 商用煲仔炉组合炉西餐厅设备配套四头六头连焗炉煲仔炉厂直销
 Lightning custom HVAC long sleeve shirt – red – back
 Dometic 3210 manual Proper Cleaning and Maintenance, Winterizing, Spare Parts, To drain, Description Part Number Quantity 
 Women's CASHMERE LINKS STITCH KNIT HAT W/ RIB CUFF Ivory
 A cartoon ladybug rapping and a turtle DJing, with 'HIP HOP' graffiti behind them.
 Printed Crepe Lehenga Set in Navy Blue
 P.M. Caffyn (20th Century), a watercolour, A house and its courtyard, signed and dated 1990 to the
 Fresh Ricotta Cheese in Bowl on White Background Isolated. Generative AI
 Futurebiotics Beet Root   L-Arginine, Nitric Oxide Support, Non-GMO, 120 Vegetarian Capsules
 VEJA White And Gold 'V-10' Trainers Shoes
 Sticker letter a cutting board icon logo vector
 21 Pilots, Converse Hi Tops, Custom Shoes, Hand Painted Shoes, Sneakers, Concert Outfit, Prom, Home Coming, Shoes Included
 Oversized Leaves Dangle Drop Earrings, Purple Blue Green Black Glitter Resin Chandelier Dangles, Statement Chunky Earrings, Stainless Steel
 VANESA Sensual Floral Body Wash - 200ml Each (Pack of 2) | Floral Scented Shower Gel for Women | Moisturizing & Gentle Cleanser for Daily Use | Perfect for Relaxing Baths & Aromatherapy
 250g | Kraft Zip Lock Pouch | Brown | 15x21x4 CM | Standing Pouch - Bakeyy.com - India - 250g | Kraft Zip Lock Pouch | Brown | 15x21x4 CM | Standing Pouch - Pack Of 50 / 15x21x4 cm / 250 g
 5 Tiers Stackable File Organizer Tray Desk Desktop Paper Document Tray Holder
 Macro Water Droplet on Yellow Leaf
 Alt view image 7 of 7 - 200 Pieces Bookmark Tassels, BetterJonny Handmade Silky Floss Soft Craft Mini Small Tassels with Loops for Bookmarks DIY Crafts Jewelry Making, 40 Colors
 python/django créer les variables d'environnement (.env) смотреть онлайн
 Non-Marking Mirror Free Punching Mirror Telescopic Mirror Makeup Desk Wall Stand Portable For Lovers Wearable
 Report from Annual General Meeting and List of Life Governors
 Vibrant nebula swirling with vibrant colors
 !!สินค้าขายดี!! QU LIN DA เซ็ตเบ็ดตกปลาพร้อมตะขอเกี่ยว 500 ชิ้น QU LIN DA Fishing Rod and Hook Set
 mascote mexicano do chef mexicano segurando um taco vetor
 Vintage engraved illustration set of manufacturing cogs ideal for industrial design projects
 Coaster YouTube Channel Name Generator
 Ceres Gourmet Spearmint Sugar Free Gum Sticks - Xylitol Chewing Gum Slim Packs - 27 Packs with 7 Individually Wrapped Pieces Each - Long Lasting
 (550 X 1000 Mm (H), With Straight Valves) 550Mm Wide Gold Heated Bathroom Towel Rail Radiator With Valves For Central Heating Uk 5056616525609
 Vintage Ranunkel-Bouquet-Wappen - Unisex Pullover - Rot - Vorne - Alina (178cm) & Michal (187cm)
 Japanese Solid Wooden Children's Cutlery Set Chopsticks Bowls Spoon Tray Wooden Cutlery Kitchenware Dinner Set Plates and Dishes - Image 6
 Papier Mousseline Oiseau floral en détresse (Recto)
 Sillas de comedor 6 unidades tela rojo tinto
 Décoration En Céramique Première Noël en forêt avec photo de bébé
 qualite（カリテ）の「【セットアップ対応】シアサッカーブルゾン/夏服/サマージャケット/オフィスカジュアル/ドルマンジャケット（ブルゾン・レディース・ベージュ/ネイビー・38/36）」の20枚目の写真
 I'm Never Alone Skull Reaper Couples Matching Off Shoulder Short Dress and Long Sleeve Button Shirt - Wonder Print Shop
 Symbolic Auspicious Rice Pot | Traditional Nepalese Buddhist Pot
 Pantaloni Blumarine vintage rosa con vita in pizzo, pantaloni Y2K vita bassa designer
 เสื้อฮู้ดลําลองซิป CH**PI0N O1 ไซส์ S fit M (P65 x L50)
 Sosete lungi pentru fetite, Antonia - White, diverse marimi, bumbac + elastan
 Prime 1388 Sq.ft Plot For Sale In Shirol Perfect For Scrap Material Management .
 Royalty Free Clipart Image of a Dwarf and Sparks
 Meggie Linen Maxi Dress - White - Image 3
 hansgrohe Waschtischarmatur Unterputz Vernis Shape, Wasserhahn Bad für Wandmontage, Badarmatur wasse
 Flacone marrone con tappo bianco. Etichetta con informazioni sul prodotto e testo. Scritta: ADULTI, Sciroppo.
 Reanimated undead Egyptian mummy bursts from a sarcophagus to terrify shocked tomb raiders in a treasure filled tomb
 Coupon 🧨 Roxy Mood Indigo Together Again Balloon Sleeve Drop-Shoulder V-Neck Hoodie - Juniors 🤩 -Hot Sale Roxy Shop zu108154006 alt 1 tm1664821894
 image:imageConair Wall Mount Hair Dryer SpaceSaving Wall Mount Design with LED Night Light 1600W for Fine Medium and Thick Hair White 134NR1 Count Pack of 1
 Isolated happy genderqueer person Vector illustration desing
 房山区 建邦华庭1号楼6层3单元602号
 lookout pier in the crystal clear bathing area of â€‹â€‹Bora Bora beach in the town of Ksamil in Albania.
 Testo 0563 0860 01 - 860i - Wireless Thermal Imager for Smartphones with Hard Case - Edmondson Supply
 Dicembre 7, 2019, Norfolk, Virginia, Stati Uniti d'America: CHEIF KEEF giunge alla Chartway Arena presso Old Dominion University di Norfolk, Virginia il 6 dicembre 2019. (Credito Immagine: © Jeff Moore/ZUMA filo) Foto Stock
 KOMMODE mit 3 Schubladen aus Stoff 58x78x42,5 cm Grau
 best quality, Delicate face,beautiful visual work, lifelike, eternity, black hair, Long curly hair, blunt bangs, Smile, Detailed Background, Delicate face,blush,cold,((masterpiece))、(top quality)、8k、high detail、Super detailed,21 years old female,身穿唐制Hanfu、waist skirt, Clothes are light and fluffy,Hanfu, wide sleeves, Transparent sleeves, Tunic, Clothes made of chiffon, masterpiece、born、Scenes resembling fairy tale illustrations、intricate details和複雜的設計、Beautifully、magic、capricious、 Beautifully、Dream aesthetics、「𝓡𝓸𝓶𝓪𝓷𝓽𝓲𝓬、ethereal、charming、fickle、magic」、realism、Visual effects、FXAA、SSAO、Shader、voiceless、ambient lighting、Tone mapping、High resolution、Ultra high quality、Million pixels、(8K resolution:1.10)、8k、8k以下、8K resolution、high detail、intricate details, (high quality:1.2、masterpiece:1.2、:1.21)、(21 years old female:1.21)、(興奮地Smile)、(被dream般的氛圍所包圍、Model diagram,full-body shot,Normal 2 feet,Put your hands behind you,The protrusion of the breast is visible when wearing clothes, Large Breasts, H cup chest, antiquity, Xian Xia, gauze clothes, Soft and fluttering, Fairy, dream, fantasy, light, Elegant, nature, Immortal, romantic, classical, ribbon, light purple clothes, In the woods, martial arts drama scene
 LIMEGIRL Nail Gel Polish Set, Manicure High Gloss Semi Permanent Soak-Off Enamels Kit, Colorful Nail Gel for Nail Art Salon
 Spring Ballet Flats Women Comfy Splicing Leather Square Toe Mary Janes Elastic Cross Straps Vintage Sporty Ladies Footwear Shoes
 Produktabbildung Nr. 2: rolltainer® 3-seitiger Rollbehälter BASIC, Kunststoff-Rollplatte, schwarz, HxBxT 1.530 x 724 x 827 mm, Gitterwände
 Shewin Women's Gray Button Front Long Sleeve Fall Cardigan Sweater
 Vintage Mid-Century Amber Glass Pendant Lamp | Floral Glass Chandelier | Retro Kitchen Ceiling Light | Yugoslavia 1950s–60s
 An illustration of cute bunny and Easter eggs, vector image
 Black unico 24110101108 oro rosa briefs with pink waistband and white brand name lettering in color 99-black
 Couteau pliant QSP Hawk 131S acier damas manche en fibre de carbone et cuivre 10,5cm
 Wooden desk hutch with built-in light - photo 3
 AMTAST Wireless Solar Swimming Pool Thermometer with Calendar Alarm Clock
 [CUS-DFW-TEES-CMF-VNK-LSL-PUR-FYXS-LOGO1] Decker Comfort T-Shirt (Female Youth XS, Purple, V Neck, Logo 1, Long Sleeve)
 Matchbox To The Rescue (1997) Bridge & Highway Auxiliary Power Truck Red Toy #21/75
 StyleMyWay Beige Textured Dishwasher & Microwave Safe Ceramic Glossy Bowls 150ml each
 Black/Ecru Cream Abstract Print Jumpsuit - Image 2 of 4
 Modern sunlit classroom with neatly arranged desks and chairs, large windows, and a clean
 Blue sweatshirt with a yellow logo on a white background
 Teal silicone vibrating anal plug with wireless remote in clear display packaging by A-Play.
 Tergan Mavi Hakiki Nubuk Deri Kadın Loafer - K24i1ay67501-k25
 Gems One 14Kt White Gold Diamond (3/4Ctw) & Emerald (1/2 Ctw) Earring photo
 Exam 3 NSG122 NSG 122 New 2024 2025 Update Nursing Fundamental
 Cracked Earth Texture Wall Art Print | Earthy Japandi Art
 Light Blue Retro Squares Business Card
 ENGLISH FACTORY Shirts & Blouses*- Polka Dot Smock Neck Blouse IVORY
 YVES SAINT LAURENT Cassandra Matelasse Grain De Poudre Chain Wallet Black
.....
Exercise requirements: Within the data above, the lines from the one with "Lightning custom HVAC" to the one with "Macro Water Droplet on Yellow Leaf" must be repeated exactly; no other line belongs in the answer.

Answer to the exercise:
 Lightning custom HVAC long sleeve shirt – red – back
 Dometic 3210 manual Proper Cleaning and Maintenance, Winterizing, Spare Parts, To drain, Description Part Number Quantity 
 Women's CASHMERE LINKS STITCH KNIT HAT W/ RIB CUFF Ivory
 A cartoon ladybug rapping and a turtle DJing, with 'HIP HOP' graffiti behind them.
 Printed Crepe Lehenga Set in Navy Blue
 P.M. Caffyn (20th Century), a watercolour, A house and its courtyard, signed and dated 1990 to the
 Fresh Ricotta Cheese in Bowl on White Background Isolated. Generative AI
 Futurebiotics Beet Root   L-Arginine, Nitric Oxide Support, Non-GMO, 120 Vegetarian Capsules
 VEJA White And Gold 'V-10' Trainers Shoes
 Sticker letter a cutting board icon logo vector
 21 Pilots, Converse Hi Tops, Custom Shoes, Hand Painted Shoes, Sneakers, Concert Outfit, Prom, Home Coming, Shoes Included
 Oversized Leaves Dangle Drop Earrings, Purple Blue Green Black Glitter Resin Chandelier Dangles, Statement Chunky Earrings, Stainless Steel
 VANESA Sensual Floral Body Wash - 200ml Each (Pack of 2) | Floral Scented Shower Gel for Women | Moisturizing & Gentle Cleanser for Daily Use | Perfect for Relaxing Baths & Aromatherapy
 250g | Kraft Zip Lock Pouch | Brown | 15x21x4 CM | Standing Pouch - Bakeyy.com - India - 250g | Kraft Zip Lock Pouch | Brown | 15x21x4 CM | Standing Pouch - Pack Of 50 / 15x21x4 cm / 250 g
 5 Tiers Stackable File Organizer Tray Desk Desktop Paper Document Tray Holder
 Macro Water Droplet on Yellow Leaf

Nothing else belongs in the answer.